There is nothing in the Shared Parental Leave Regulations 2014, or in the ShPP (General) Regulations 2014 which entitles someone taking shared parental leave to enhanced shared parental pay or that requires employers to match enhanced maternity pay. The Government's guide, 'Employers technical guidance to shared parental leave and pay' states that it is up to the employer to top up statutory shared parental pay (ShPP) at a higher rate if it wishes, and that this topped up amount "may or may not be the same as the employer offers to mothers on maternity leave". It is left to the employer's discretion.
Interestingly, two relatively recent cases have come up with conflicting views on whether a failure to enhance shared parental pay will amount to discrimination. In Hextall v Chief Constable of Leicestershire Police the tribunal held that a police force's policy of giving a period of full pay to mothers on maternity leave, but paying only statutory ShPP to partners, was not discriminatory.
By contrast in Ali v Capita Customer Management Limited the tribunal held that a man was entitled to compare himself with a women receiving enhanced maternity pay for the period following her two week compulsory maternity leave period and that the failure to enhance his ShPP amounted to direct sex discrimination.

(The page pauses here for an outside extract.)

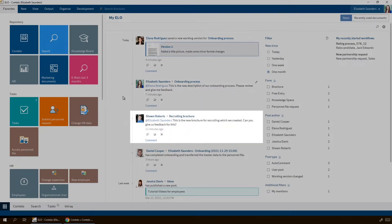Other entries, such as the entry by Sean Roberts, are created by the respective employees themselves. We see this entry because we were mentioned in it. Sean Roberts wants us to have a look at the new brochure and asks for feedback.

Mr Ali's employer operated a maternity policy entitling female employees with 26 weeks' service the option of 14 weeks' enhanced maternity pay, followed by 25 weeks at the rate of statutory maternity pay. When Mr Ali's wife gave birth she was diagnosed with post-natal depression and was advised by her doctor that returning to work would assist her recovery. Mr Ali was informed that he was entitled to shared parental leave which would be paid in line with the statutory rate.
The tribunal held that Mr Ali could not compare himself to a woman who had given birth for the 2 week compulsory maternity leave period. However, it went on to find that he could compare himself to a woman who had taken leave to care for her child after the 2 week compulsory leave period, even though he hadn't given birth, for the purposes of claiming the further 12 weeks' pay to which such a woman would be entitled under the employer's maternity policy.
The employer sought to argue that the 14 week pay period (during which a woman was entitled to enhanced pay under the maternity policy) was the right period of time for the woman to receive special treatment (in accordance with the PWD).
The tribunal disagreed. It found that Mr Ali was best placed to perform the role of caring for the newborn baby given his wife's post-natal depression (she had been advised to return to work for her well-being). The tribunal concluded that if the employer had considered any complaint "on a case by case basis they could have ensured that Mr Ali was treated consistently and fairly and in a non-discriminatory manner."
The decision in Ali has been appealed to the Employment Appeal Tribunal (EAT) and is due to be heard towards the end of December. The decision in Hextall has also been appealed and is due to be heard in January. It will be interesting to see, following the outcome of both these decisions, whether there are still conflicting views on the issue of whether or not it is discriminatory to fail to enhance ShPP.
Although currently a woman will not benefit from statutory protection from either discrimination or dismissal by reason of her pregnancy until her employer is made aware that she is pregnant, we need to wait for the ECJ's decision in Porras Guisada to see if this remains the case.
Meanwhile, the EAT will be separately considering two conflicting decisions on whether a failure to enhance ShPP in line with enhanced maternity pay amounts to discrimination.